A/N: And as promised, the next chapter is up! Including a heinously ugly couch, AND the first kiss! Hope you guys like it!
Disclaimer: If you recognize it, I don't own it.
It really wasn't as though he figured her visit to be something very serious. He did have a paper due, and he didn't even know Raye that well. It was simple courtesy to toss the three pairs of shoes kicked off at various places in the living room into the closet, and take out the overflowing kitchen trash. It wasn't like he had time to completely refurbish the apartment, or really, like he was the type to project a particular image to impress a girl.

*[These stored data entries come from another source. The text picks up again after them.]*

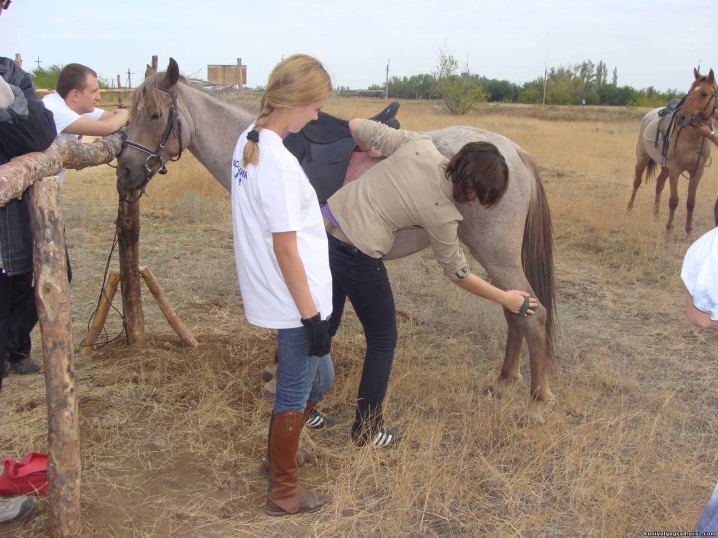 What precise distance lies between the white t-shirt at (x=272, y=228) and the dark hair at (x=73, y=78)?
7.82 feet

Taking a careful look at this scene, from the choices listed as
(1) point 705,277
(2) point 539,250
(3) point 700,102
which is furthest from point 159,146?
(3) point 700,102

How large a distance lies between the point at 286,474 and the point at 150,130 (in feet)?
7.55

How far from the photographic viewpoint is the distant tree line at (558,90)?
3516 centimetres

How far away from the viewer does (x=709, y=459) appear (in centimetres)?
312

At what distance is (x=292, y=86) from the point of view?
213 cm

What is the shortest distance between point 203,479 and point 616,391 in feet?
8.79

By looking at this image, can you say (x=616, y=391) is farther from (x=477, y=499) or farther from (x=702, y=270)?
(x=702, y=270)

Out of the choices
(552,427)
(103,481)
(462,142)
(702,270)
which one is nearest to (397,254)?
(462,142)

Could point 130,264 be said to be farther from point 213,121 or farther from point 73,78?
point 73,78

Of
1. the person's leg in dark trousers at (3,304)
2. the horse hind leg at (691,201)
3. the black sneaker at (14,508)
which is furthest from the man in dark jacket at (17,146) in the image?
the horse hind leg at (691,201)

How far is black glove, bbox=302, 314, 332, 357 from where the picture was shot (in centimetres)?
216

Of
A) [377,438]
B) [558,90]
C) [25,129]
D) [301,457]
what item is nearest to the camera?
[25,129]

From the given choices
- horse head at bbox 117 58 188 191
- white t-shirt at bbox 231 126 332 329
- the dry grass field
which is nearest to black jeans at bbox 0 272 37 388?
the dry grass field

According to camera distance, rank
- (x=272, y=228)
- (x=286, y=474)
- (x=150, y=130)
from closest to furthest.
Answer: (x=272, y=228)
(x=286, y=474)
(x=150, y=130) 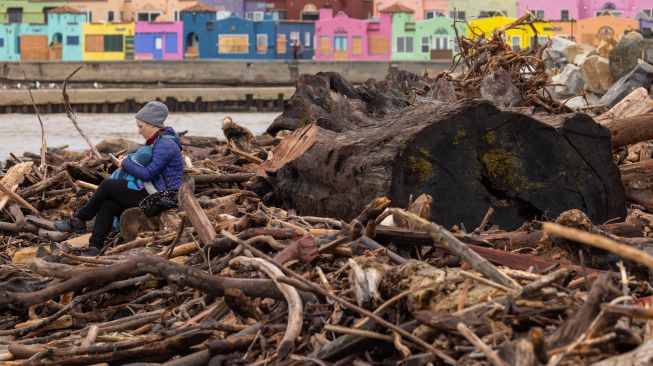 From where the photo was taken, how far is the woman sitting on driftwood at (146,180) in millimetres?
8680

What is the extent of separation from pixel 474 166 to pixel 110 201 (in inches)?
102

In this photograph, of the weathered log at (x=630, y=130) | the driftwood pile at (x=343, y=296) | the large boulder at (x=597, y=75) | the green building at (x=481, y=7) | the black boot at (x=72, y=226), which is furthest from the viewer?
the green building at (x=481, y=7)

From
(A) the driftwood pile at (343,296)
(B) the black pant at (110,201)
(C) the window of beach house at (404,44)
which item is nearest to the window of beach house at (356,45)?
(C) the window of beach house at (404,44)

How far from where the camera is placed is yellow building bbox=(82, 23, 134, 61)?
270ft

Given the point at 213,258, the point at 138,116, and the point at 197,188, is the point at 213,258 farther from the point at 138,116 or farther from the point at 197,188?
the point at 197,188

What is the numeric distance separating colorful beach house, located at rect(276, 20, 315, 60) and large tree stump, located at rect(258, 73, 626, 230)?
75.1 meters

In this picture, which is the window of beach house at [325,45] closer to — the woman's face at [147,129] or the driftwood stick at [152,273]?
the woman's face at [147,129]

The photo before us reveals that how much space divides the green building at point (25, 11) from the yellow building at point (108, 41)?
4704mm

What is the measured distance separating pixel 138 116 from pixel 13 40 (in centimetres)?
7679

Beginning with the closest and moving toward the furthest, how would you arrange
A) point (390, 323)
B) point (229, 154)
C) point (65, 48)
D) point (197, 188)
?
1. point (390, 323)
2. point (197, 188)
3. point (229, 154)
4. point (65, 48)

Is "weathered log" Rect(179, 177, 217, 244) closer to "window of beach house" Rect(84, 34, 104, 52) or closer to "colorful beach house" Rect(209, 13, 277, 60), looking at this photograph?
"colorful beach house" Rect(209, 13, 277, 60)

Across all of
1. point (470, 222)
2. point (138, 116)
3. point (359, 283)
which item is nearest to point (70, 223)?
point (138, 116)

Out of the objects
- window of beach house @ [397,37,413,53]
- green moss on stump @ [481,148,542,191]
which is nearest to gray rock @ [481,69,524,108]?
green moss on stump @ [481,148,542,191]

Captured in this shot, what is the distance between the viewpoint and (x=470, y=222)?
7652 mm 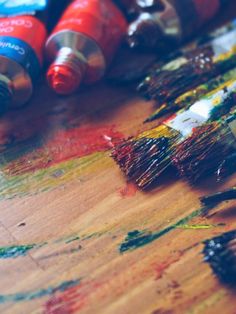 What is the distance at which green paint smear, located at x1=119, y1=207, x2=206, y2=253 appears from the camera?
0.83 meters

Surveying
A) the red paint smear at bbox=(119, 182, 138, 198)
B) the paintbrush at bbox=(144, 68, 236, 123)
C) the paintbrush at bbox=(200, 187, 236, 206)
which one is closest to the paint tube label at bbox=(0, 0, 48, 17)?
the paintbrush at bbox=(144, 68, 236, 123)

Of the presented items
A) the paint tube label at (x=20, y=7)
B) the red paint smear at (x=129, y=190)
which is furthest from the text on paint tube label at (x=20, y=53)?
the red paint smear at (x=129, y=190)

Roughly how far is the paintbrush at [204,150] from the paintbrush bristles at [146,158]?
21 mm

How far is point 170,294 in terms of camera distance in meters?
0.75

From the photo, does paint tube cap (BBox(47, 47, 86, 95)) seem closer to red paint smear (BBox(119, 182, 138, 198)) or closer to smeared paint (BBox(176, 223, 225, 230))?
red paint smear (BBox(119, 182, 138, 198))

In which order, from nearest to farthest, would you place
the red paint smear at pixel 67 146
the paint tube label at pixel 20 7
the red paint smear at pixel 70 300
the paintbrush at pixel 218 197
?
the red paint smear at pixel 70 300, the paintbrush at pixel 218 197, the red paint smear at pixel 67 146, the paint tube label at pixel 20 7

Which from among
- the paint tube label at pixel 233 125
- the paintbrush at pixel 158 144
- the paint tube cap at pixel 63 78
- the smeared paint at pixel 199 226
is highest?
the paint tube cap at pixel 63 78

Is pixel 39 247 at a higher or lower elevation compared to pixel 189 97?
lower

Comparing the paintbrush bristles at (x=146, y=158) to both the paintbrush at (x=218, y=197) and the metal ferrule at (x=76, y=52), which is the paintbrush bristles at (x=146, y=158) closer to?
the paintbrush at (x=218, y=197)

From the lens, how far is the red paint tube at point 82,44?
3.44 ft

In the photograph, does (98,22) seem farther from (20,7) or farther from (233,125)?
(233,125)

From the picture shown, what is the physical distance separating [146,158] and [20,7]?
0.48m

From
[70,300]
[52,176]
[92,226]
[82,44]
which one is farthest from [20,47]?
[70,300]

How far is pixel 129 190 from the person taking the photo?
918 millimetres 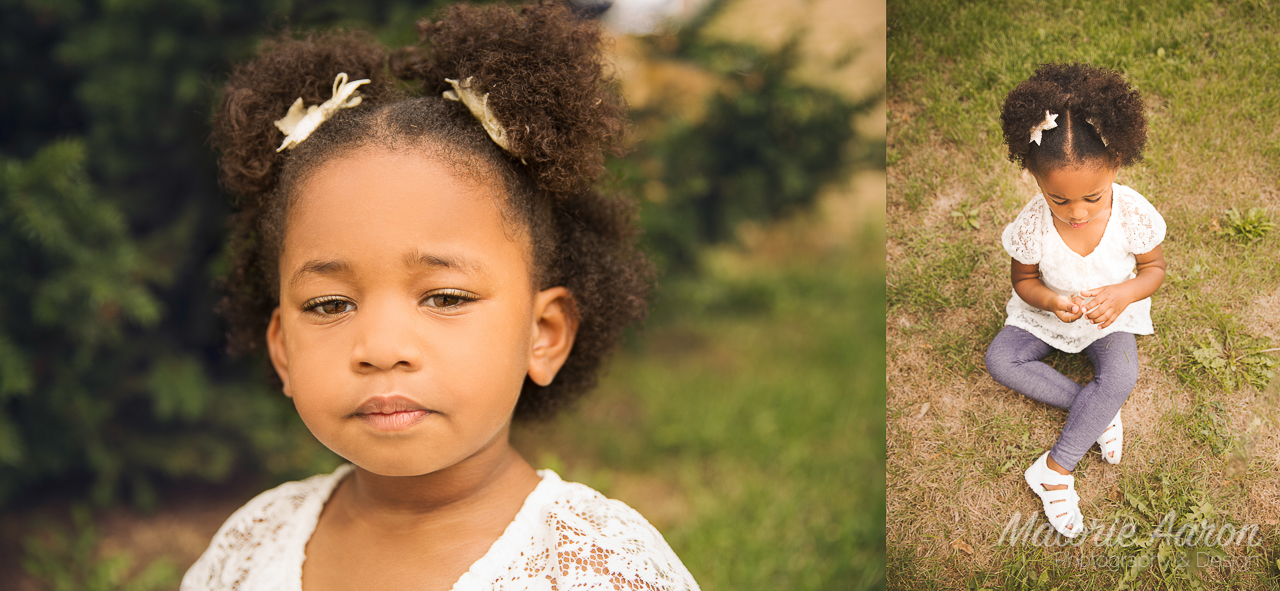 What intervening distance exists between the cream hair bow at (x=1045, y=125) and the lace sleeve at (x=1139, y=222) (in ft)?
0.47

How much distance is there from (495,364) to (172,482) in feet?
7.62

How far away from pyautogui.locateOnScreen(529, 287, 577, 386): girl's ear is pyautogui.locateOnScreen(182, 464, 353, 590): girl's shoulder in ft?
1.84

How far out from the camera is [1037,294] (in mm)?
1398

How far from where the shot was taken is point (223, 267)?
272cm

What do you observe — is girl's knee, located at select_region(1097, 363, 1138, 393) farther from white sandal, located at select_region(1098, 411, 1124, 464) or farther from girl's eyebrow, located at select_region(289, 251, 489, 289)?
girl's eyebrow, located at select_region(289, 251, 489, 289)

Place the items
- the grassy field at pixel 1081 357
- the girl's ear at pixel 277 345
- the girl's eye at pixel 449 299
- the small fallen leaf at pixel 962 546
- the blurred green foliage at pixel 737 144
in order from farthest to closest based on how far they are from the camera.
→ 1. the blurred green foliage at pixel 737 144
2. the girl's ear at pixel 277 345
3. the girl's eye at pixel 449 299
4. the small fallen leaf at pixel 962 546
5. the grassy field at pixel 1081 357

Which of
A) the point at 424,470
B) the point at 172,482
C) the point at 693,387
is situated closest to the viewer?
the point at 424,470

Still, it felt like the right thing to do to make the apartment semi-neat, particularly if she was going to help him on his paper. A girl like Raye Harcourt was used to plush surroundings, and though she certainly wasn't as pretentious as she could have been, would likely have at least raised an eyebrow at the sight of the flotsam of Twinkie wrappers and potato chip crumbs - the remnants of his roommate's lunch- scattered about the coffee table.
After ascertaining that the apartment was, if not spotless, at least acceptable, he thought that he might as well take a quick shower and change into a shirt more presentable than the old soccer jersey he slept in. It was only after he was clean, toweled off his hair and stowed away the stray, slightly waterlogged issues of Maxim into the bathroom cabinet that he was aware of several alarming sounds coming from outside.
Firstly, the crashes and garbled shouts from the living room was an unmistakable indication that Bruce was home, and a video game marathon was in full swing. Jake strode out of the bathroom in a little bit of consternation, and his eyes widened at the sight that greeted him. The recently-tidied space now featured his roommate, clad in pajama pants and nothing else, playing a furious game of Mortal Kombat amidst technicolor bottles of Mountain Dew Game Fuel. Next to Bruce was a disordered pile of laundry, unfolded and clearly recently brought in from the machines in the basement, t-shirts with smart-ass phrases and boxers in every shade of the rainbow predominating. And before Jake could so much as berate Bruce for trashing the living room again, the buzzer for the door sounds.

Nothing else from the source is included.